Visualizing the Taskcluster Index

2015-09-15 by Mike Shal, tagged as graphing, indexing, mozharness, mozilla, taskcluster

I've been working on trying to organize the Taskcluster index in bug 1133074. The index is analogous to the directory structure that we have on ftp.mozilla.org, but it is much easier to organize things based on how we'd like to access them. In FTP, our upload scripts actually ssh into the ftp server and copy files around into the layout we want. But with Taskcluster indexing, we can just add a new route and now we can organize things by revision, platform, branch, or however we'd like.

However, the sheer amount of things we build still makes this tricky. I pulled down the build logs for all the mozilla-central builds I could find, and ended up with 106 builds from buildbot/mozharness (including nightlies and l10n), and 16 builds from Taskcluster. That's a lot of routes to get organized into a usable hierarchy!

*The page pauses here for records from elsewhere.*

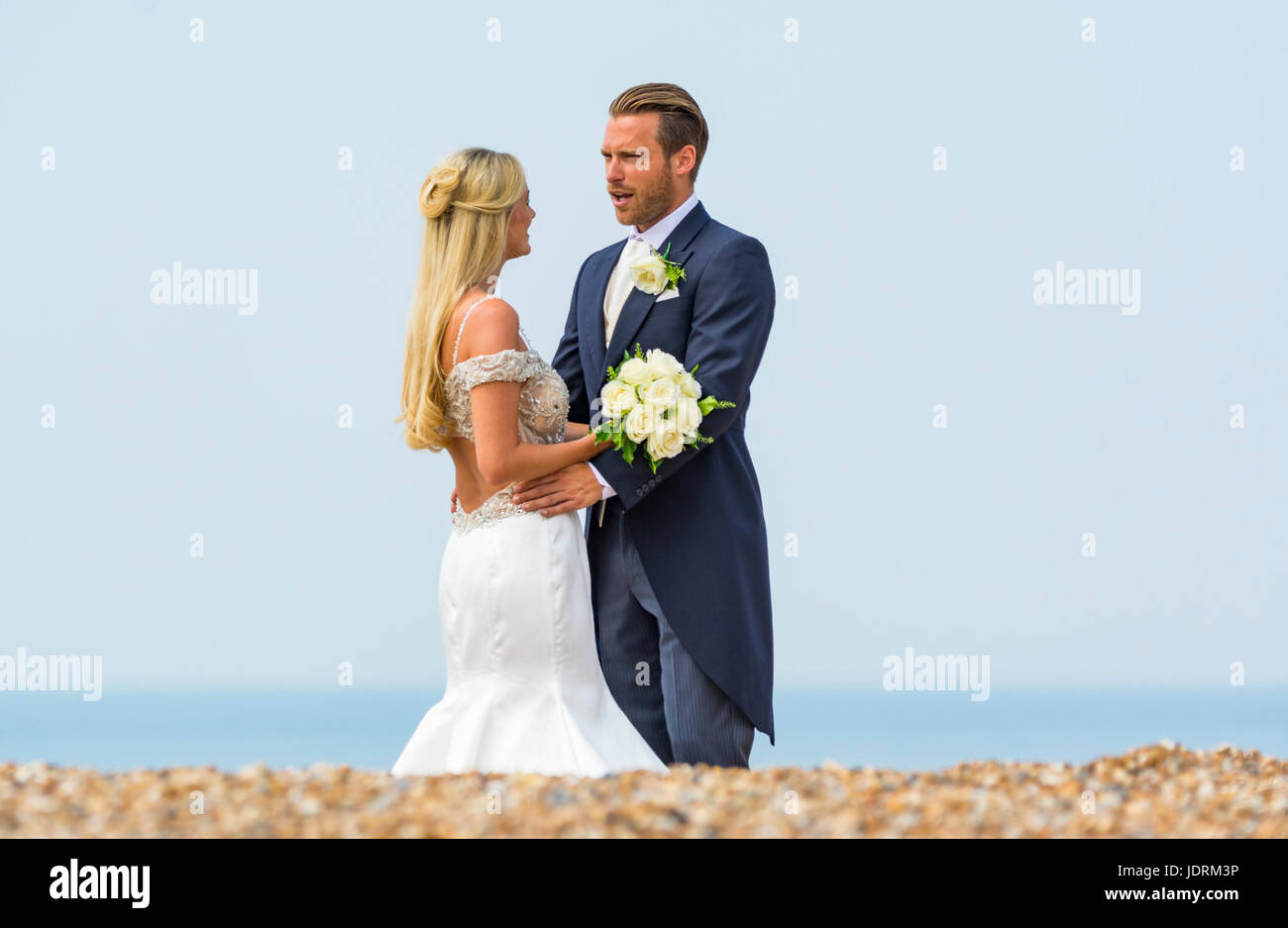 La novia y el novio en una playa con fotos tomadas durante el día de su boda. Pareja casada. Casarse. Día del matrimonio. Foto de stock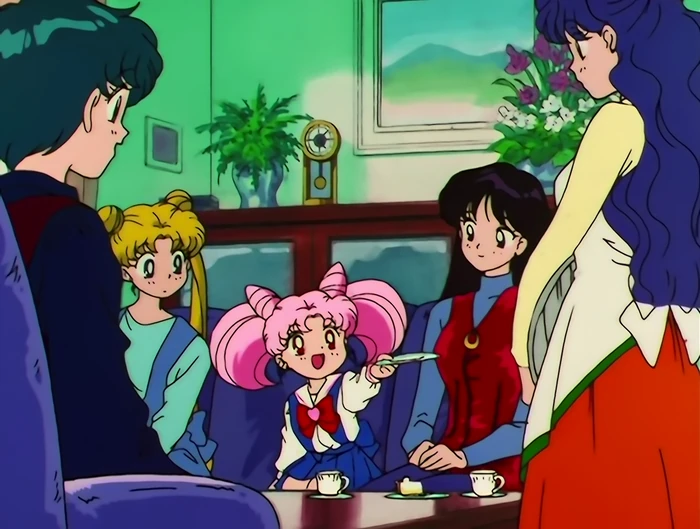 Chibiusa sitting on a sofa in the middle of the group, talking with one hand out, teacups on the table in front of her and every one of them turned toward her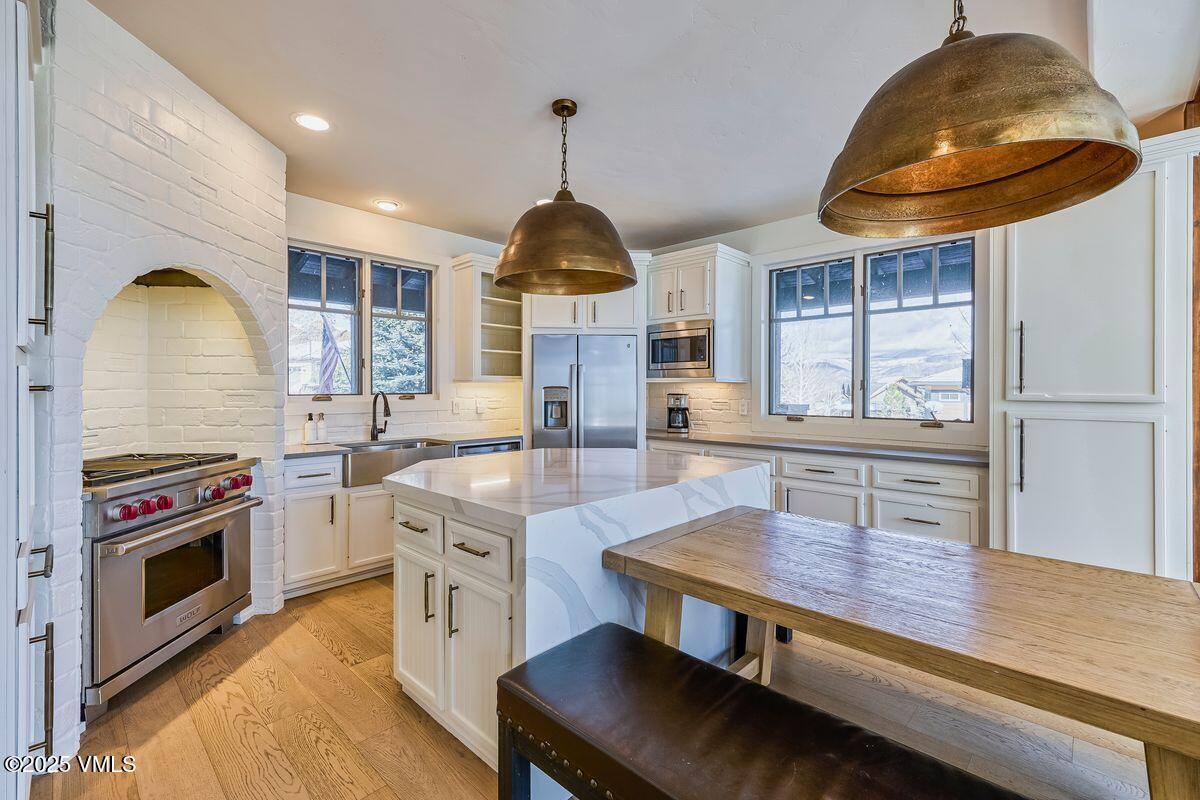 748 Hernage Creek Road Eagle, CO 81631 - Photo 1 of 44 a kitchen with kitchen island a stove and a wooden floor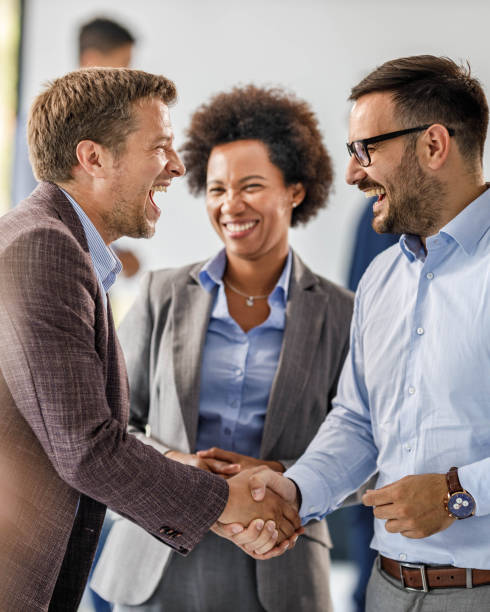 istock Cheerful businessmen greeting each other at corporate office. 1385106859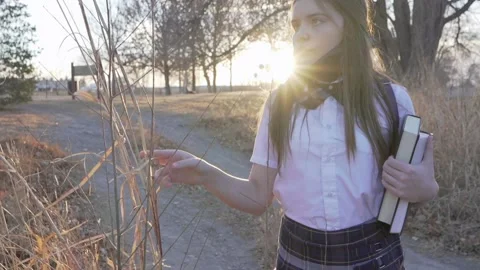 School girl walks down path through woods with sunshine behind her. Video stock 168490287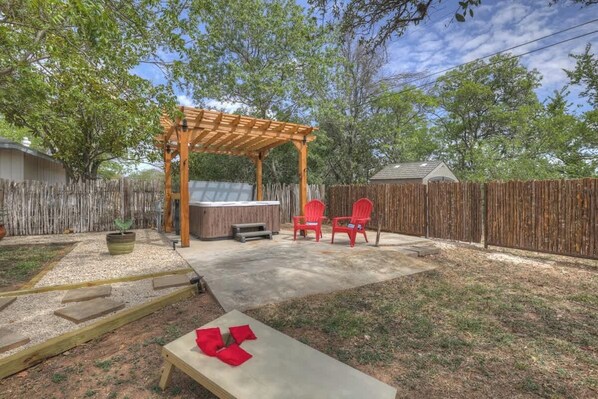 A backyard with a wooden pergola, a hot tub, and red chairs.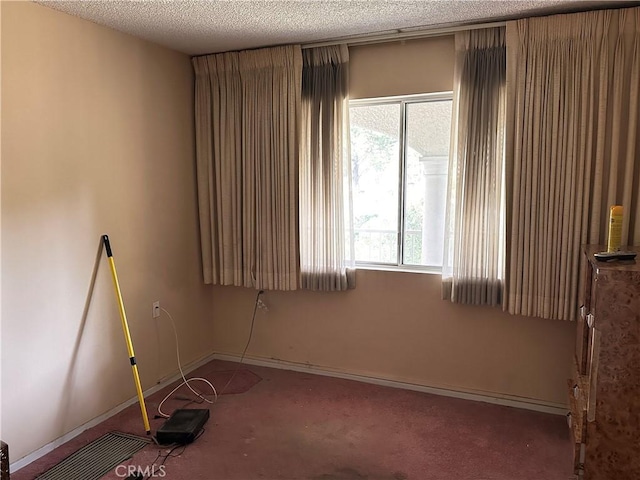 carpeted empty room featuring a textured ceiling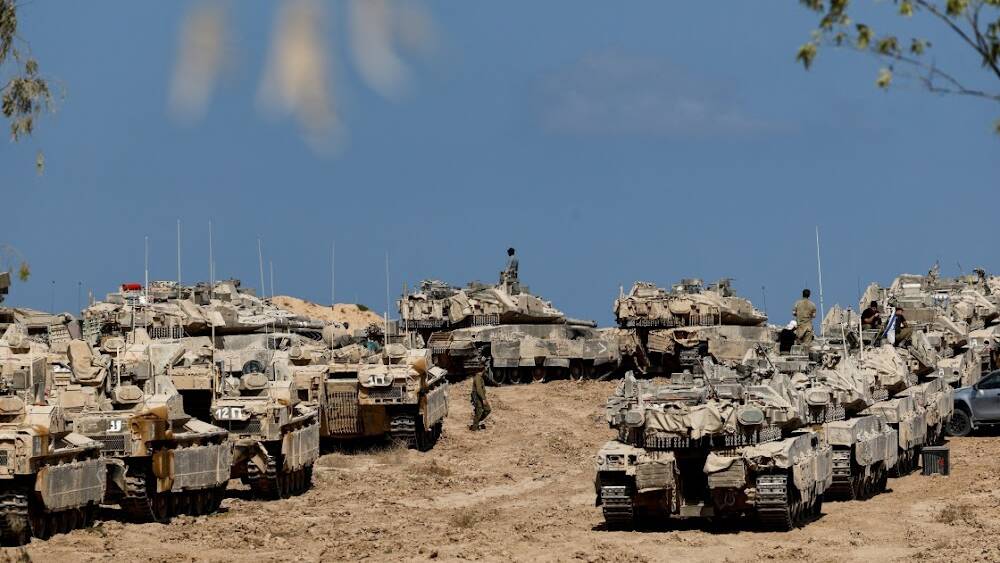 Israel opens new route out of Gaza City for 48 hours as tanks advance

Although I have no delusions that the current set of routes are in any sense final, I wanted to at least get a reasonable and usable first-pass attempt at them. This is hard to do just by guessing at a possible route name and testing it on a few platforms - there are many corner cases to handle. For example, mozharness' internal config uses "macosx64" as the platform name both for an OSX desktop build and an OSX mulet build. If you just use the platform name as the key, multiple things will end up routing to the same place. Similarly, a PGO build isn't a separate platform, but rather it looks exactly like a regular build with an extra "--enable-pgo" flag. This flag must be accounted for somehow in the routes, otherwise PGO builds will be intermixed with their non-PGO counterparts.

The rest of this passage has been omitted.